Aum is the unstruck sound;
there is no instrument.
When you become
absolutely silent,
suddenly it is there.
And there are fools in this country… and now those fools are travelling all over the world and teaching people Transcendental Meditation. It is neither transcendental nor meditation. Just by repeating the sound aum, nothing is going to be achieved. In fact, something totally different has to be done: you have to become so silent, so absolutely silent, that you can hear the sound within your innermost core. It has to be heard, not repeated. If you repeat it, it will be a head thing; it will only be your head playing a gramophone record. Let the head rest, let all noise from the head be gone, let the mind stop functioning, and then suddenly you will hear the sound. That is a totally different phenomenon; it has to be heard, not repeated.

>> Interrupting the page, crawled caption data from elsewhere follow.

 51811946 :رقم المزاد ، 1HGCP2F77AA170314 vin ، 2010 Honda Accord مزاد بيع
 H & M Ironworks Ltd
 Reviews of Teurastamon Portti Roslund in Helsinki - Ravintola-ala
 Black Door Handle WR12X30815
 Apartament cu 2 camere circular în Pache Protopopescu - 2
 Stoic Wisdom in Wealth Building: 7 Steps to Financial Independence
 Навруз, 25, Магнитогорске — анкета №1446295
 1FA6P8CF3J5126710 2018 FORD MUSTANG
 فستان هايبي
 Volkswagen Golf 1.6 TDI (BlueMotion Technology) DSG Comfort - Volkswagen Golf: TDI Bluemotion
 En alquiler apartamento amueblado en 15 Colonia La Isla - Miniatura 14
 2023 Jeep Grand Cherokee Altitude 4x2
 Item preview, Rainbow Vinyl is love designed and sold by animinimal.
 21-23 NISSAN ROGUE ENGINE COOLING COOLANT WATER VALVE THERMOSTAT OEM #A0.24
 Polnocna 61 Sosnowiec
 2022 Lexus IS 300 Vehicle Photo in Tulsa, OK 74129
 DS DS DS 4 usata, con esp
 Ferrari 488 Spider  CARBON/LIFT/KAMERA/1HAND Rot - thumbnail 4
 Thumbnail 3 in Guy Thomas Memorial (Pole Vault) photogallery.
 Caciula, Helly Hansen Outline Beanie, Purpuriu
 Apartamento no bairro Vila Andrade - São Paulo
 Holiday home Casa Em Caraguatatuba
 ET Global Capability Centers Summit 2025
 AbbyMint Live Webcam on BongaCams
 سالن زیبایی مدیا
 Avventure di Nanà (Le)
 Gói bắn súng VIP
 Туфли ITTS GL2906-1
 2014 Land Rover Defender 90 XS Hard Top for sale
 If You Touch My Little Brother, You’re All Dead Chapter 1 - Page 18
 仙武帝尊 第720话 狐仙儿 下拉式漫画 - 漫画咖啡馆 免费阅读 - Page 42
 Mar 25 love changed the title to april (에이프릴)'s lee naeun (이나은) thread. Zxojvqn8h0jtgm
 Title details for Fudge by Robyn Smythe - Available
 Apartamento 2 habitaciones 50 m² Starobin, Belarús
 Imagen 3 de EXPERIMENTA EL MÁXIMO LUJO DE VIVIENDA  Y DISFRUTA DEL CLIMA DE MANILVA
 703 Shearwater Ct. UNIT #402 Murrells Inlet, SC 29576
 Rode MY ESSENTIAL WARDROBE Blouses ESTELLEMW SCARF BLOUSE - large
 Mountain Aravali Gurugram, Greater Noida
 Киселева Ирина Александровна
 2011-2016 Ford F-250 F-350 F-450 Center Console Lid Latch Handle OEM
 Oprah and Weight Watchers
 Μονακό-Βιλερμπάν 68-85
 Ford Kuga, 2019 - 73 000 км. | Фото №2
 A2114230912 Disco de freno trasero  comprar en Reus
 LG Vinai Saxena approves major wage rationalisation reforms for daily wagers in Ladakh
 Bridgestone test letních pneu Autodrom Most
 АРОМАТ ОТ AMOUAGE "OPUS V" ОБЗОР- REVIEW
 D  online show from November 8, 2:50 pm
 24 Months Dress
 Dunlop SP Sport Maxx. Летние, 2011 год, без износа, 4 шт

But the scholars are the most unconscious people, full of unnecessary philosophies, very complicated systems of thought, and ready to argue, to prove, to comment, but absolutely unconscious. They have not discovered the aum within themselves.
It is called anahat nad; anahat nad means unstruck sound. There are two kinds of sounds. When you play on a sitar it is a struck sound; duality is involved, your hands and the strings, and you have to strike, then the sound is created. It is a little bit violent – you are being violent with the strings. You are not allowing them to rest, you are disturbing their sleep. And there is a conflict involved with your hands; there is a fight going on between the musician and his instrument.
Aum is the unstruck sound; there is no instrument. When you become absolutely silent, suddenly it is there.
Zen people have the right expression for it; they call it ‘the sound of one hand clapping’. If two hands are there, of course, the clapping is easy, but one hand clapping and the sound of one hand clapping seems to be absurd – but they are truly expressing the reality. When you go inside and you are absolutely silent you hear for the first time the inner music.